Relay-Version: version B 2.10 5/3/83; site utzoo.UUCP
Posting-Version: version B 2.10.1 6/24/83; site ucbcad.UUCP
Path: utzoo!linus!decvax!tektronix!ucbcad!ucbesvax.turner
From: ucbesvax.turner@ucbcad.UUCP
Newsgroups: net.arch
Subject: uP caches, cont'd. - (nf)
Message-ID: <1041@ucbcad.UUCP>
Date: Thu, 15-Dec-83 01:17:17 EST
Article-I.D.: ucbcad.1041
Posted: Thu Dec 15 01:17:17 1983
Date-Received: Sun, 11-Dec-83 01:07:13 EST
Sender: notes@ucbcad.UUCP
Organization: UC Berkeley CAD Group
Lines: 51

#N:ucbesvax:27900003:000:2645
ucbesvax!turner    Dec  8 12:23:00 1983

I don't like the idea of putting registers in an on-board cache memory
(and then translating register references to full memory addresses).
Some reasons why:

- it increases the amount of control logic required to interpret a
  register reference.  One must not only extract the reference, but
  add it to a full-address-space pointer, and hand it through the
  the cache-address translator.  As we will see below, this might
  involve serializing register access--involving yet more control
  logic.

- one advantage of a true register file is that one can use dual-ported
  memory to gain speed by allowing overlapped fetches.  Making a whole
  cache (~256..~4K bytes) out of dual-ported memory would be rather
  expensive.  The only other way to achieve overlapped fetching in
  the cache would be to interleave the cache RAM--and that's only a
  statistical speed-up.  There will still be cases where register access
  must be serialized *unless* the interleave factor is equal to the number
  of registers.  This seems like a high cost to pay just to get register-
  to-register operations that are (nearly) as fast as they are in
  processors that don't map registers to memory.  One does NOT contort the
  design of a cache around the architecture!  In fact, I am in favor of
  quite the opposite, for the special case of single-chip microprocessors:
  violate the rule of transparency to the extent of adding instructions that
  address issues of control and optimization of caches, then contort the
  compiler (somewhat) around these instructions.
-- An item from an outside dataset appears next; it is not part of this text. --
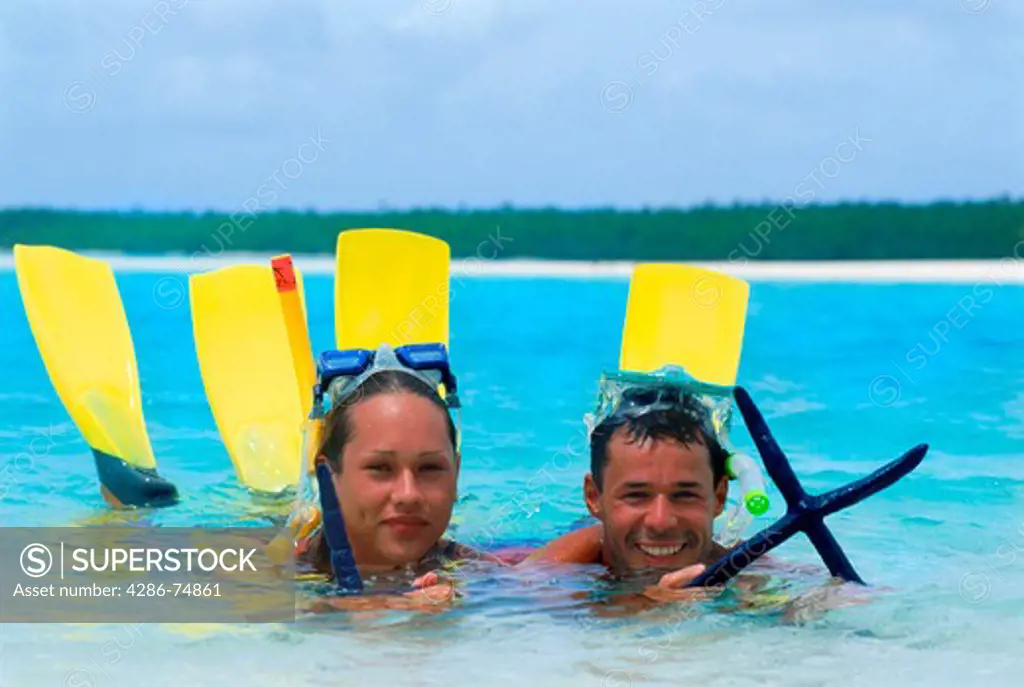 Couple with starfish off One Foot Island in Aitutaki lagoon in Cook Islands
- runaway pointers can trash your whole context, making it very hard
  to debug programs with that problem.  Sure you could trap such
  accesses if they were inappropriate.  But again, that means clapping
  on some special frob to test for indirect addressing of register-
  mapped memory.  With a special supervisor control bit, perhaps, so
  that one *can* do it when one wants to.  And a partridge in a pear
  tree.  It all adds up.

Assuming that this discussion is concerned ONLY with the kind of cache
one puts on a single-chip microprocessor, I think people should realize
that you don't just say "oh, and let's add this".  On a chip, everything
steals something from everything else.  (In a TTL design, maybe you just
have to beef up the power supply a little to add new features.  Eventually
you run out of board space.  Bare silicon is a rather different medium.)

Don't let VLSI and its small packages fool you.  To take full advantage
of a million transistors on one die is going to be at least as hard as
designing Cray machines.
---
Michael Turner (ucbvax!ucbesvax.turner)